NEWSLETTER 03-2019: APPLICATION OF THE PROHIBITION OF RETURNING DEPOSITS TO PRIVATE FOUNDATIONS
In a recent decision (OGH December 20, 2018, 6 Ob 195/18x), the Supreme Court commented for the first time on the question of the application of the ban on returning deposits to a beneficiary of a private foundation involved in the company.
In decision 6 Ob 195/18x, this legal question was not finally clarified because the application of the ban on returning contributions to the beneficiary was primarily justified by their former status as a partner. Nevertheless, the OGH’s statements provide important clues for resolving the practice-relevant and as yet unresolved legal question of whether and under what conditions beneficiaries of a private foundation participating in the company can be subject to the ban on returning contributions.

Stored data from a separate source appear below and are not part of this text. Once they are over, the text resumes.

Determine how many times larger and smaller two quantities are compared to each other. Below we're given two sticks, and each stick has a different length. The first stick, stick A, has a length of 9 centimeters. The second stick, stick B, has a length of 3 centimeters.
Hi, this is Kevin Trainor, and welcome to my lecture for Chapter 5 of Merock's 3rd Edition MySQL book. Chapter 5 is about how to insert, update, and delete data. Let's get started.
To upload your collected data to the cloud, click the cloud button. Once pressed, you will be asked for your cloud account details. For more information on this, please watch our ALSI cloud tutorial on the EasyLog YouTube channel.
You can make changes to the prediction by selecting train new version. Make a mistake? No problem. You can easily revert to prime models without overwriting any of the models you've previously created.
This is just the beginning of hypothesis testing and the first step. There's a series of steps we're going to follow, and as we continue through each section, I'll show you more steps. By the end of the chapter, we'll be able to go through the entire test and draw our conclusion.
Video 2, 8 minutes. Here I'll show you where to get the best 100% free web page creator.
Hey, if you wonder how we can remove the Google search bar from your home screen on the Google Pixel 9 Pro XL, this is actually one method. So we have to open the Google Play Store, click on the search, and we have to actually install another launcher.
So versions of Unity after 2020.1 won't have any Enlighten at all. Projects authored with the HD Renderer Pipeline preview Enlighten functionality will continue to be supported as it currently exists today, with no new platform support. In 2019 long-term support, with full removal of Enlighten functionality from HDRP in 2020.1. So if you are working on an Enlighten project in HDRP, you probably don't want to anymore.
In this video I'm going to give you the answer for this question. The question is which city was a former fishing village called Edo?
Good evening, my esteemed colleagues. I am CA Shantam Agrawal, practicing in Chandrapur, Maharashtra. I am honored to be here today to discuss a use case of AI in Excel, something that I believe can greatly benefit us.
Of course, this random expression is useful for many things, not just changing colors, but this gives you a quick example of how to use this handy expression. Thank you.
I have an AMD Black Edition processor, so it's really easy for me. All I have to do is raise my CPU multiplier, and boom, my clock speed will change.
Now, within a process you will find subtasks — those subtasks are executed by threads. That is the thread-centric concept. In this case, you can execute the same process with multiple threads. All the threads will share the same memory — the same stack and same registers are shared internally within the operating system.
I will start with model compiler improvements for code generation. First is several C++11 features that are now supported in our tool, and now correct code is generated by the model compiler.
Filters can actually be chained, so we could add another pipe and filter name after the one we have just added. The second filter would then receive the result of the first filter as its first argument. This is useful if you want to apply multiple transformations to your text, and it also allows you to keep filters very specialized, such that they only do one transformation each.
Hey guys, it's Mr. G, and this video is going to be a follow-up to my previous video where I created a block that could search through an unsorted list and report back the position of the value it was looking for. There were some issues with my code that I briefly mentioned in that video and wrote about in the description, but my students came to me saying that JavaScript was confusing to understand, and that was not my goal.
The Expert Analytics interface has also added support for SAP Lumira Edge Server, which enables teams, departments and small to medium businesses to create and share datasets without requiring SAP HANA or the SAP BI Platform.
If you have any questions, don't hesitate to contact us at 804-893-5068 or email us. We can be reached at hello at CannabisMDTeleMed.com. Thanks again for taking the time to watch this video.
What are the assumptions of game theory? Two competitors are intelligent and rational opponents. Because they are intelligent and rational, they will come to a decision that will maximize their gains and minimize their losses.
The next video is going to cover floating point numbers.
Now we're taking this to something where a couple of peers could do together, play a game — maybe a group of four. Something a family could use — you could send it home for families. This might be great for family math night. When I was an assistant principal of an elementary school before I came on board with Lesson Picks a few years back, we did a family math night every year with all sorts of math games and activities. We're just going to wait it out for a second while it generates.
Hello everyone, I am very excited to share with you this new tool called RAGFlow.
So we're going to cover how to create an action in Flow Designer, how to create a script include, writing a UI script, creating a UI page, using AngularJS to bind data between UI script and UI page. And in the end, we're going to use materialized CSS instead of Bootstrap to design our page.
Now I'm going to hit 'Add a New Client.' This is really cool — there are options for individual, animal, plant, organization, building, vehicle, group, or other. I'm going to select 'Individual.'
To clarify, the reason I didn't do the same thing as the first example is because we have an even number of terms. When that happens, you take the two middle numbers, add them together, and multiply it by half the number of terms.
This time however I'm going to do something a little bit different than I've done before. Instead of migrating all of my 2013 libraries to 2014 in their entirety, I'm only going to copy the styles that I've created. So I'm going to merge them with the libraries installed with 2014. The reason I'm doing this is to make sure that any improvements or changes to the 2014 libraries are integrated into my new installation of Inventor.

In 2009, a traditional family business in the furniture industry granted the beneficiaries of a private foundation involved in the family business and their spouses free, lifelong living rights to a penthouse in a furniture store in Vienna. The beneficiary originally held a stake in the family business and transferred this stake to a private foundation in 1996.
The private foundation held a 51% stake in the family business in 2009. The purpose of the private foundation was to “support the respective beneficiaries, in particular by providing cash benefits”.
The beneficiary was a member of the foundation advisory board and was entitled to appoint the foundation board. In fact, she had great influence on the private foundation and made all or a large number of decisions.
In addition, the beneficiary’s spouse was the managing director of the family business in 2009 and the beneficiary herself was a member of the supervisory board.